The social and economic footprint of the COVID-19 pandemic has put enormous pressure on decision-makers to respond quickly and efficiently. As the virus spreads rapidly, identifying most at-risk communities and providing targeted social assistance and prevention measures can be challenging. 

Combined with statistical modeling and machine learning tools, satellite imagery and survey data can help identify potential hot spots and facilitate local responses. We recently collaborated with Fraym, a geospatial analysis firm, on a mapping exercise for Pakistan. The analysis combined geotagged household survey data (Demographic and Health Survey 2018) with satellite imagery to create localized population information at the level of one-square-kilometer. 

We highlight three specific examples that can help decision-makers in Pakistan, as well as other data analysts working on similar contexts:

Risk of exposure and disease transmission

Evidence shows that living arrangements, exposure to large groups of people, and access to basic sanitation and hygiene contribute to the transmission of COVID-19. For example, populations living in overcrowded dwellings such as intergenerational households, in high-density areas such as city slums, and areas with poor access to personal hygiene, may be at greater risk. 

The COVID-19 exposure risk distribution in figure 1 shows that high population density and limited access to basic services in Pakistan translate into high exposure risk for a large share of the population. Zooming in, one notices this is particularly true for communities in Khyber Pakhtunkhwa and Sindh provinces, and for those living in highly populated districts and neighborhoods within these provinces.

Figure 1: COVID-19 Exposure Risk Across Pakistan
Note: The index equally weighs: (1) population density (the number of people living at the one-kilometer-squared level), (2) proximity to others in the household (presence of households with children less than 11 years old and an elderly person above 60 years old, average number of household members per sleeping room, and adults aged 15-49 employed in essential occupations including health professions, construction, manufacturing, transport, sales, textiles, protective services), and (3) access to water, sanitation, and hygiene. (unavailability of water and soap inside the home, roundtrip distance to a drinking water source above 30 minutes, whether the household shares a toilet with other households or does not have a toilet, and whether the household does not have piped-in drinking water).

These high-resolution estimates of exposure risk can help identify potential hotspots and develop targeted prevention measures at the local level, complementing the official sources on COVID-19 infection and mortality rates.

Community behavior and access to information

Timely information about recommended protocols and behaviors for containing the disease is crucial. The access to information indicator figure 2 shows the percentage of the population without a radio, television, or internet or who does not regularly consume these information sources. 

Figure 2: Access to Information in Pakistan
Notes: The index measures the percentage of population living in a household that does not have a radio, television, or internet and where no adult household members are regular consumers of newspapers, radio, or television. Regular consumers are defined as adults who use the media at least once a week and adults are defined as individuals aged 15-49.

Khyber Pakhtunkhwa and Sindh provinces, where the COVID-19 exposure risk is relatively high, seem to have the lowest access to communication channels.
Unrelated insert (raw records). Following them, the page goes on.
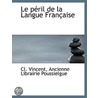 Le Péril De La Langue Française by Unknown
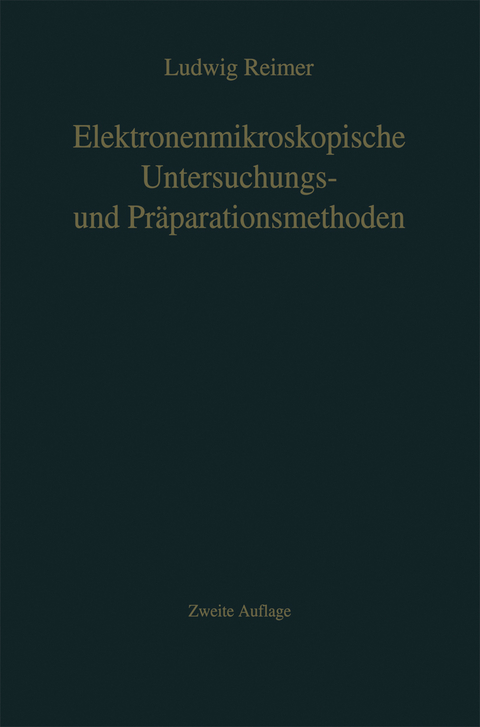 Elektronenmikroskopische Untersuchungs- und Pr&auml;parationsmethoden - L. Reimer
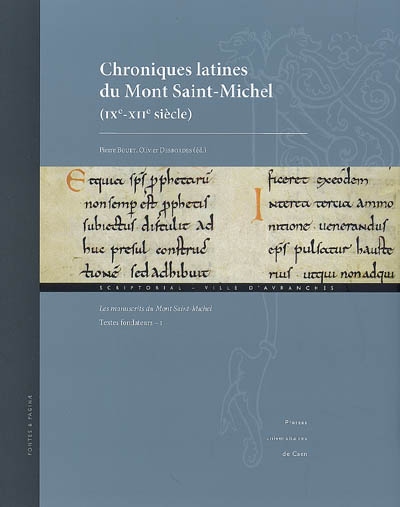 Les manuscrits du Mont Saint-Michel : textes fondateurs. Vol. 1. Chroniques latines du Mont Saint-Michel (IXe-XIIe siècle)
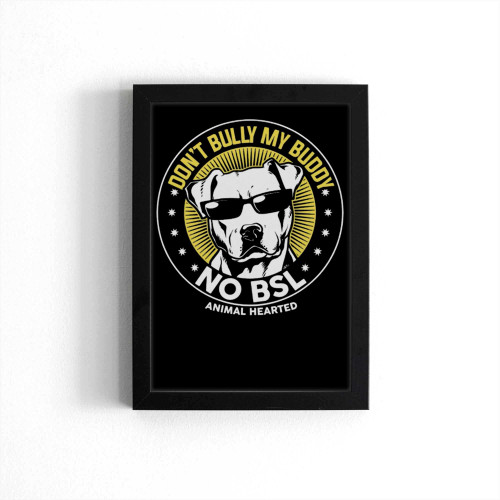 Don'T Bully My Buddy No Bsl Poster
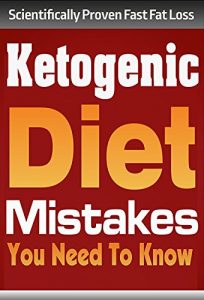 Baixar Ketogenic Diet: Ketogenic Diet Mistakes You Need To Know **BONUS** 30 Day Accelerated Fat Loss Meal Plan! (ketogenic diet, ketogenic diet for weight loss, … anti inflammatory diet) (English Edition) pdf, epub, eBook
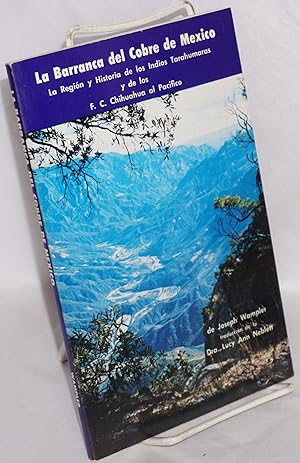 La Barranca del Cobre de México; la región y historia de los Indios Tarahumaras y de los F. C. Ch...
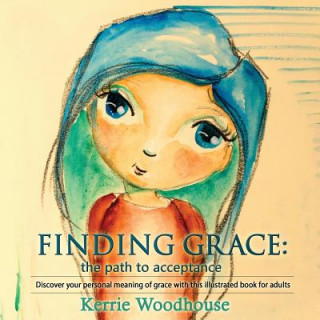 Carte Finding Grace Kerrie Woodhouse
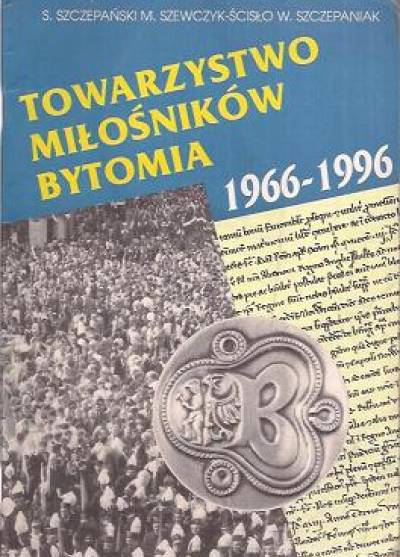 Szczepański, Szewczyk-Ścisło, Szczepaniak - Towarzystwo Miłośników Bytomia 1966-1996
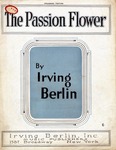 The Passion Flower by Irving Berlin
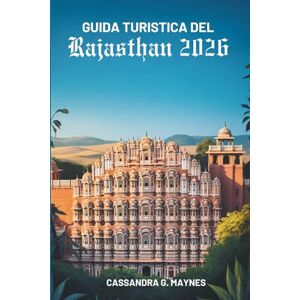 Maynes, Cassandra G. GUIDA TURISTICA DEL Rajasthan 2026: Esplorare la cultura, il patrimonio e l'avventura nello stato desertico dell'India Maynes, Cassandra G. GUIDA TURISTICA DEL Rajasthan 2026: Esplorare la cultura, il patrimonio e l'avventura nello stato desertico dell'India
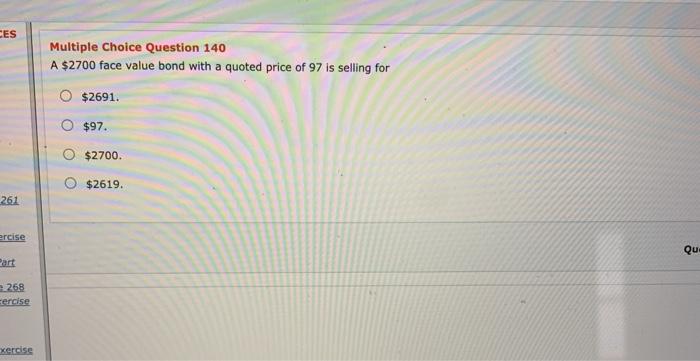  CES Multiple Choice Question 140 A $2700 face value bond with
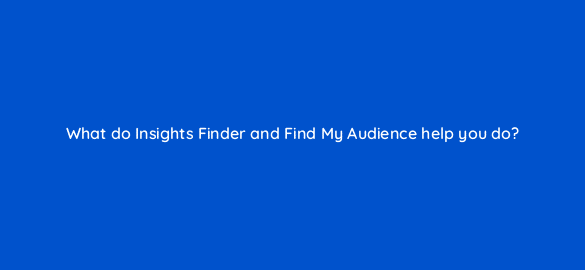 what do insights finder and find my audience help you do 112120 1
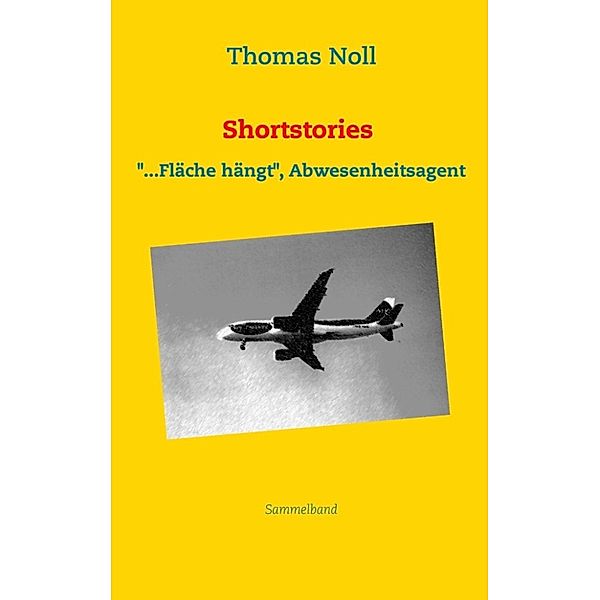 Noll, T: Shortstories Sammelband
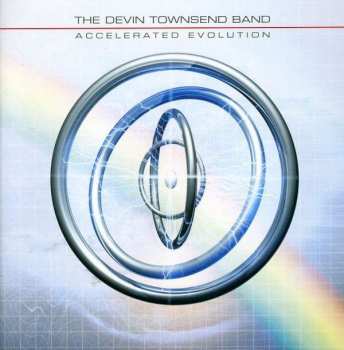 Album The Devin Townsend Band: Accelerated Evolution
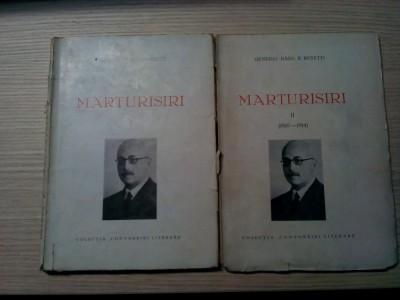 GENERAL RADU R. ROSETTI - Marturisiri - 2 Volume - 1940, 195+101 p. foto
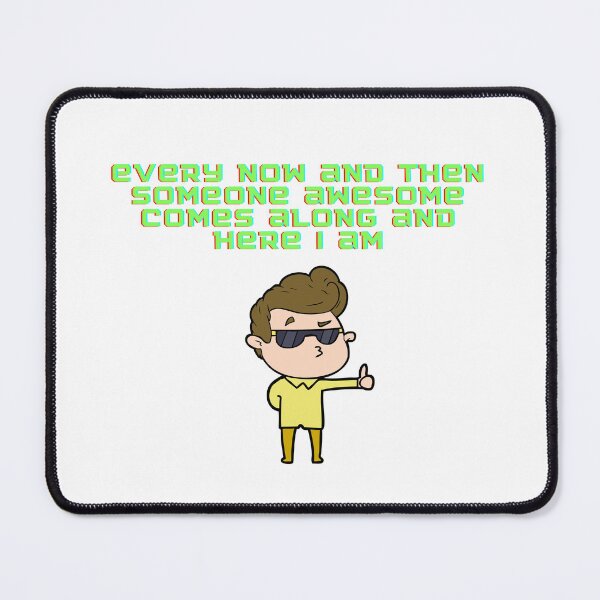 Item preview, every now and then someone awesome comes along and here i am designed and sold by Zakaria-4.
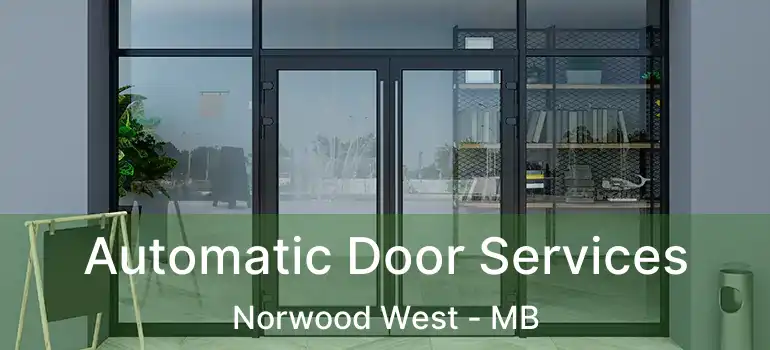  Automatic Door Services Norwood West - MB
Within these two provinces, the southern districts with the highest exposure also have the lowest access to information sources, making them particularly susceptible to disease spread.

Many countries, including Pakistan, have used various dissemination channels to promote mitigating behaviors among their citizens (e.g., television, radio, and digital media). Using high-resolution maps to understand how at-risk populations consume information can inform which communication channels are most appropriate for targeted campaigns.

Vulnerability to socioeconomic impacts

COVID-19 impacts go beyond immediate public health concerns and can trigger prolonged economic hardship. It is important to identify the populations living in areas hit hard by the pandemic to provide targeted support. The socioeconomic impact index in figure 3 shows that the most socioeconomically vulnerable communities in Pakistan are concentrated in southern Punjab, interior parts of Sindh, and most of Khyber Pakhtunkhwa. In these areas, lockdowns have drastically reduced economic activity and employment. As disease transmission slows down and policy focus shifts to economic recovery, populations living in these areas may be among those who need targeted support. 

Figure 3: Expected Socioeconomic Impacts of COVID-19 in Pakistan
Notes: The index is created with a principal component analysis (PCA) of a set of variables including household assets (hectares of farmland owned, number of livestock owned), housing type (material for roof, floor, and walls), non-farm employment, educational attainment, food security (proxied by child wasting), financial inclusion (household member has a bank account), and domestic violence (household experienced physical, sexual, or emotional abuse of women at last once in a year). The index is created separately for urban and rural areas.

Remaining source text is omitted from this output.